Virginia Tech won't host a Thursday night football game next season for the first time since 2001, and Athletic Director Jim Weaver is taking responsibility.
According to Weaver, Tech Athletics didn't request to have a Thursday night game in Lane Stadium to give traveling fans another weekend game and a break from an evening weekday game.
Last season, Tech had two weekday games — a Thursday night game against Florida State, and the season opener against Georgia Tech on Labor Day. Tech also played on Labor Day in 2010 against Boise State.
"When you have Thursday night games, or Labor Day games, it just so happens that people have to go back to work (the next day), and many times they can't and have to take a vacation day," Weaver said. “For people who have done that for a lot of years in succession, I thought it would be good for them.”
“(It was) the right thing to do, to say thank you to our fans,” Weaver said.
Although there was speculation that the request had something to do with the Hokies disappointing 2012 season, Weaver denied there was any relationship.
“It had nothing to do with last season's performance, it had everything to do with us (having evening games) 10 to 12 years in a row,” Weaver said. “It was a timely decision to thank our people.”
Despite this, the announcement has received a lot of backlash, especially from students who consistently look forward to the evening games.

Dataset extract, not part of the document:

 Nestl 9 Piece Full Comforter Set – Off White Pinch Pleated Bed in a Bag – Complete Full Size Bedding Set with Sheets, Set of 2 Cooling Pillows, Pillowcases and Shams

Andrew Whitley, a sophomore History and Political Science major, is from southwest Virginia and has attended Tech football games since he was young with his family. Coming up for Thursday night games is a big part of that memory for him and his grandfather.
"(My grandfather) was upset, he likes to come up because there's not as many kids," Whitley said. "The environment is completely different."
Dylan Robinson, another sophomore student, was also upset about the change but admitted that it might be a hassle for certain alumni who have to travel to and from.
"I can understand," Robinson said. "But it's just one day out of the entire year."
Weaver understood students are disappointed by the announcement but insisted this decision was for the Tech fans who have to road trip to games.
"It had nothing to do with taking a Thursday night game away from students," Weaver said.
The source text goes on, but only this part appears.